Axisymmetric collapse simulations of rotating massive stellar cores in full general relativity: Numerical study for prompt black hole formation

Abstract

We perform axisymmetric simulations for gravitational collapse of a massive iron core to a black hole in full general relativity. The iron cores are modeled by $\ensuremath{\Gamma}=4/3$ equilibrium polytrope for simplicity. The hydrodynamic equations are solved using a high-resolution shock-capturing scheme with a parametric equation of state. The Cartoon method is adopted for solving the Einstein equations. Simulations are performed for a wide variety of initial conditions changing the mass ($\ensuremath{\approx}2.0--3.0{M}_{\ensuremath{\bigodot}}$), the angular momentum, the rotational velocity profile of the core, and the parameters of the equations of state which are chosen so that the maximum mass of the cold spherical polytrope is $\ensuremath{\approx}1.6{M}_{\ensuremath{\bigodot}}$. Then, the criterion for the prompt black hole formation is clarified in terms of the mass and the angular momentum for several rotational velocity profile of the core and equations of state.
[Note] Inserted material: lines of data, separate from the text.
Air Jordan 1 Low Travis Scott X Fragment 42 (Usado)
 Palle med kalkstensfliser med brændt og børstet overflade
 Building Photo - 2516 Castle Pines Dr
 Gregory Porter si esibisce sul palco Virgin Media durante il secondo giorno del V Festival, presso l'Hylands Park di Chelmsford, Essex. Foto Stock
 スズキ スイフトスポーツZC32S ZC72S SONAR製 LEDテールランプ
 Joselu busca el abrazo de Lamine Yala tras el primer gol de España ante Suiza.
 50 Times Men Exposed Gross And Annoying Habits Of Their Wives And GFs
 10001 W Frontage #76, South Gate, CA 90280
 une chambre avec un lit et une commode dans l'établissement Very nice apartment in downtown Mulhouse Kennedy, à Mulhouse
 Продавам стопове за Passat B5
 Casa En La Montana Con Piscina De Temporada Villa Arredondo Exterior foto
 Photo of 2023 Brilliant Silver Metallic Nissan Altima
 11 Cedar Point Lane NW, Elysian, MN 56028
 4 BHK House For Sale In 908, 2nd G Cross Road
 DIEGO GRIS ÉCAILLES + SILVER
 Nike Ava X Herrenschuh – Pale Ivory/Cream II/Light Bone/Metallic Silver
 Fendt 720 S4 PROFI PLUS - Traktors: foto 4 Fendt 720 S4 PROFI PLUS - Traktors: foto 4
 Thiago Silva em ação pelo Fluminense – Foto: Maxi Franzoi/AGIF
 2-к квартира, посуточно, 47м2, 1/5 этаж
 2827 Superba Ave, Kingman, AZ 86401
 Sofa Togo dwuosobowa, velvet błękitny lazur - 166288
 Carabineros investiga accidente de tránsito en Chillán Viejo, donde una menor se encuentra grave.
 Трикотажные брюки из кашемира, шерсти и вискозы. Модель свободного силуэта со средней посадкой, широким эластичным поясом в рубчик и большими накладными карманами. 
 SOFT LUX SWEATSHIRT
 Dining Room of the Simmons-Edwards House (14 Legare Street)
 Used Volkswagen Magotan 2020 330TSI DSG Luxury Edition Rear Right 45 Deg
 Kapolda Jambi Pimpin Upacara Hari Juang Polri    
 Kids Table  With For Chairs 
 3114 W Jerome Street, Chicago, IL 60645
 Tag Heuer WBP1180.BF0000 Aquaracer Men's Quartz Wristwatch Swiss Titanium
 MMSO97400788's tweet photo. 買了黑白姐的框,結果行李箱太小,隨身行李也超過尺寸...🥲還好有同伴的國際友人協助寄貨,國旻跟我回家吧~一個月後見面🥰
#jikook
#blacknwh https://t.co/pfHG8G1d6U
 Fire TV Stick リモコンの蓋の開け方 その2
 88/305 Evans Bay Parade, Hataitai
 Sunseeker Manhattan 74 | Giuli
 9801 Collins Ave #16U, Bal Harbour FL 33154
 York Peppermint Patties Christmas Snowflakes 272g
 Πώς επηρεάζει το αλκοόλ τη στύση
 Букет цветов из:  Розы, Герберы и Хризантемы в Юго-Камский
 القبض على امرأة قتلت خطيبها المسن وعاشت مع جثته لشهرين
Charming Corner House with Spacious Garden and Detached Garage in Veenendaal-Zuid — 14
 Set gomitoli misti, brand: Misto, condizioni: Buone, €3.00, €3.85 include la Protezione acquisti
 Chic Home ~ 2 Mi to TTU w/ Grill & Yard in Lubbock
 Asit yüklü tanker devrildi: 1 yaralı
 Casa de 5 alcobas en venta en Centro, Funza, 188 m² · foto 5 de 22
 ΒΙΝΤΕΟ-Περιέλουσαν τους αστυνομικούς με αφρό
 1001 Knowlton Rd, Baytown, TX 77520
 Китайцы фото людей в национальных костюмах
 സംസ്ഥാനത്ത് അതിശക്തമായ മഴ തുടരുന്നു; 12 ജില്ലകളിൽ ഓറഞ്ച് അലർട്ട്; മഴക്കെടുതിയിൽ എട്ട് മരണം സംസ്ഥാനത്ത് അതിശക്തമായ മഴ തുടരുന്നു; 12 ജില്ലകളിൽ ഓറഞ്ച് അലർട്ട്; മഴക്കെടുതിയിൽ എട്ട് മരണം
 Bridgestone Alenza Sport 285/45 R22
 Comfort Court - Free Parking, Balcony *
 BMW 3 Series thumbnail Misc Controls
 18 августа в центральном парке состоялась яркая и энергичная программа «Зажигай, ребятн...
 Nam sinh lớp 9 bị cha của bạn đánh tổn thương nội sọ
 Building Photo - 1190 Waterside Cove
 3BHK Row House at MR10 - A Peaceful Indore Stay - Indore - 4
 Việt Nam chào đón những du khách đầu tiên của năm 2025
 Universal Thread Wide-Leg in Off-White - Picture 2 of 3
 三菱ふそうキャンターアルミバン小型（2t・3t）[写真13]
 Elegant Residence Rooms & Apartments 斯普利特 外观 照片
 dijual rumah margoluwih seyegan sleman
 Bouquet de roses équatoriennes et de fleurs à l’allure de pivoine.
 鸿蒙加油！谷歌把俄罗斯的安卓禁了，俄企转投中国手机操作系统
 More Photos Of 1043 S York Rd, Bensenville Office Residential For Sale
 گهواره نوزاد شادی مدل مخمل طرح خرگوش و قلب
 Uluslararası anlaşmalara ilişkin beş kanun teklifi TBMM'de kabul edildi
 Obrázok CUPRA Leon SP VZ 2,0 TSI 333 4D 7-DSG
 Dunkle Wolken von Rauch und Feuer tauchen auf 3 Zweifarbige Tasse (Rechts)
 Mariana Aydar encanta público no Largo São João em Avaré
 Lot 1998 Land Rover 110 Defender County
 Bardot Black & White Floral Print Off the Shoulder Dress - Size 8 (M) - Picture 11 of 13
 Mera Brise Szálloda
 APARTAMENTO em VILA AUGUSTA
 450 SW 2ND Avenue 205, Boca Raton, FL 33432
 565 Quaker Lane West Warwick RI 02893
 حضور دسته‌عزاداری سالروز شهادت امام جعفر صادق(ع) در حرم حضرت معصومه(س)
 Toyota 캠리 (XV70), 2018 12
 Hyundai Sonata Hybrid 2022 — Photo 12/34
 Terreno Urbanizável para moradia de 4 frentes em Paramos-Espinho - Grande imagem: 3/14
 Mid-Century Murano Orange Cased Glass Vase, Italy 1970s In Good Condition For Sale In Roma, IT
It is found that (i) with the increase of the thermal energy generated by shocks, the threshold mass for the prompt black hole formation is increased by 20--40%, (ii) the rotational centrifugal force increases the threshold mass by $\ensuremath{\lesssim}25%$, (iii) with the increase of the degree of differential rotation, the threshold mass is also increased, and (iv) the amplification factors shown in the results (i)--(iii) depend sensitively on the equation of state. We also find that the collapse dynamics and the structure of the shock formed at the bounce depend strongly on the stiffness of the adopted equation of state. In particular, as a new feature, a strong bipolar explosion is observed for the collapse of rapidly rotating iron cores with an equation of state which is stiff in subnuclear density and soft in supranuclear density. Gravitational waves are computed in terms of a quadrupole formula. It is also found that the waveform depends sensitively on the equations of state.